A "gorilla" is the term used to describe a company that dominates its industry but does not necessarily have a complete monopoly. A gorilla firm achieves its dominance through exerting control over the pricing and availability of its products relative to competitors in the industry. This influence on price control forces competitors to resort to alternative tactics to compete, such as through differentiating their offerings or aggressive marketing tactics.

Key Takeaways

  • A gorilla refers to a dominant company in some sector that does not have a monopoly but still enjoys a great deal of influence and pricing power.
  • While not an actual monopoly, because of its size and influence, a gorilla may be considered a de facto monopoly since competitors are sidelined.
  • Even as they are eyed carefully by anti-trust regulators, gorillas are able to attract top talent and obtain capital at favorable rates.

Understanding Gorillas

A gorilla does not need to have an official monopoly within an industry to dominate its competitors; however, its broad dominance in the industry may lead many people to view the situation as a de facto monopoly. The use of the gorilla term is a reference to the fact that an 800-pound gorilla can essentially do whatever it wants.

In business, a gorilla's huge size means that competitors must carefully consider the gorilla's potential reactions to certain business decisions. Many gorillas have a shot at monopolizing the market. However, federal antitrust laws, most notably the Sherman Act, make collusion and monopolistic behavior illegal in the United States. There is, however, still an incentive to compete with a gorilla. After all, an undetected price cut or increase in production will attract customers who are buying from the gorilla and customers who are not buying the product at all. Price adjustments may be subtle, including better credit terms, faster delivery, or other free services.

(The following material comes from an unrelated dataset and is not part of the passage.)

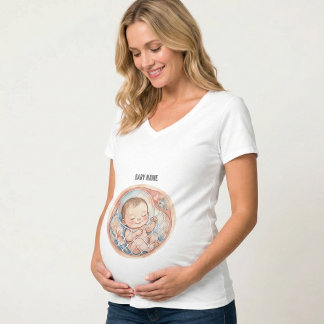pregnant  T-Shirt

Gorillas are most effective when demand for the gorilla's product is not particularly price sensitive. This is why gorillas are more effective in the short term. Over the long term, prices often become elastic as consumers find cheaper substitutes for the product.

Benefits Accrue to Gorillas

Being a gorilla carries with it many benefits. For starters, the gorilla earns much higher margins, which enables them to reinvest in their business at a more rapid rate, further separating themselves from their competitors. Their dominant position provides a larger marketing platform, which allows the leader to better set the agenda for what customers should expect from their suppliers. Corporate partners prefer to work with gorillas, which can provide enormous endorsement and distribution benefits. Gorillas are typically able to attract the best job candidates, due to their size and prestige. They are also able to raise money more easily and cheaply than their competitors.

Example of a Gorilla

A modern example of a gorilla is the dominant position Microsoft enjoyed in the 1990s in the computer operating systems market. The competitive companies in this market segment were very small, had tiny market shares, and generally avoided facing Microsoft head on. Microsoft was able to drastically outspend these smaller companies on innovation and marketing, and it used that power to squeeze these tiny competitors on price and distribution.